# The input
——————————

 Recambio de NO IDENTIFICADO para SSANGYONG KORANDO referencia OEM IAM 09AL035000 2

——————————

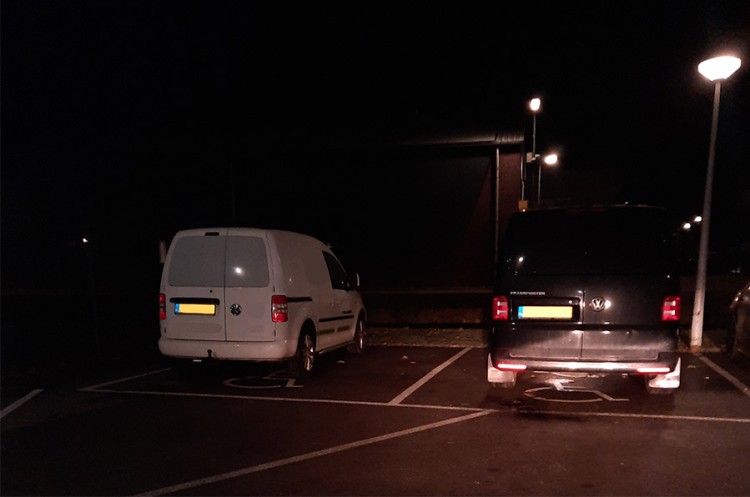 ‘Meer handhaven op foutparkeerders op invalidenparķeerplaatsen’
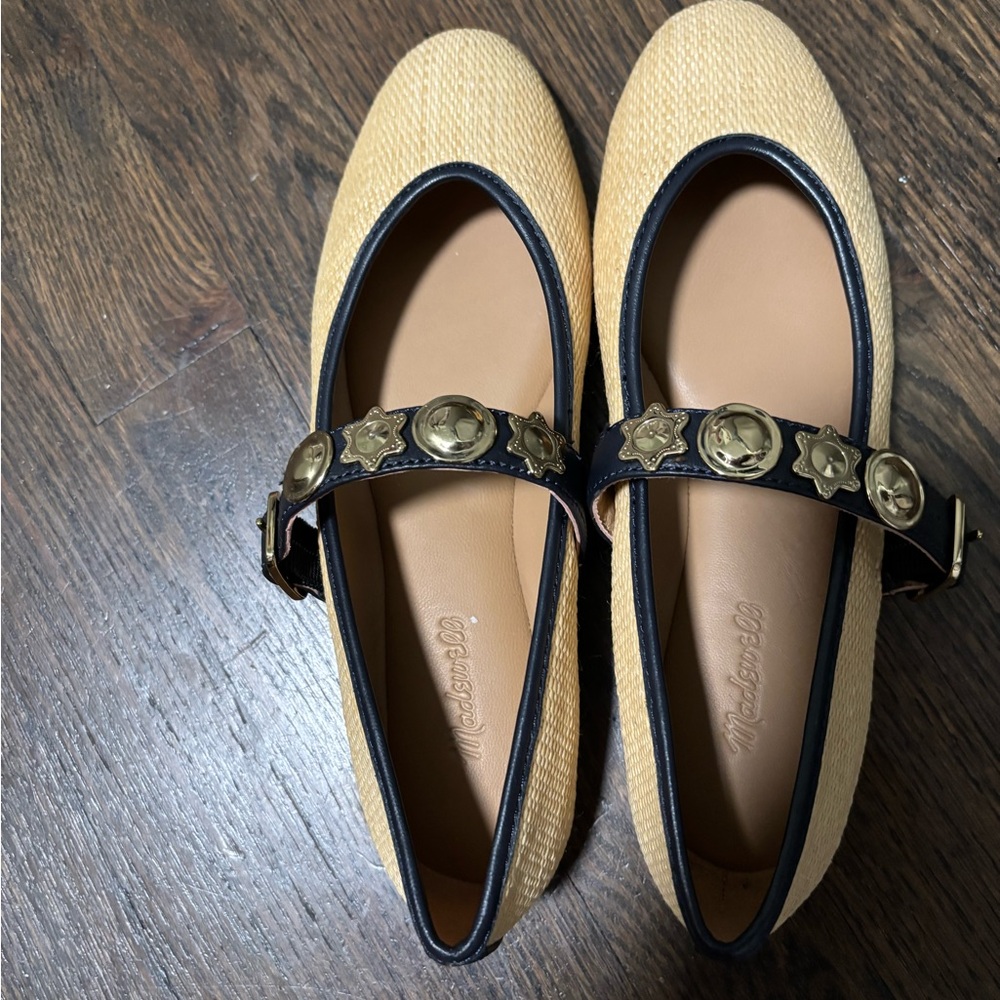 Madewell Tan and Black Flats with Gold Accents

——————————

# Instructions for the task
When you reach the line with "foutparkeerders op invalidenparķeerplaatsen’" in the records above, begin repeating the lines exactly, and stop after the line with "Madewell Tan and". Skip all pictures.

# Expected answer
 ‘Meer handhaven op foutparkeerders op invalidenparķeerplaatsen’
 Madewell Tan and Black Flats with Gold Accents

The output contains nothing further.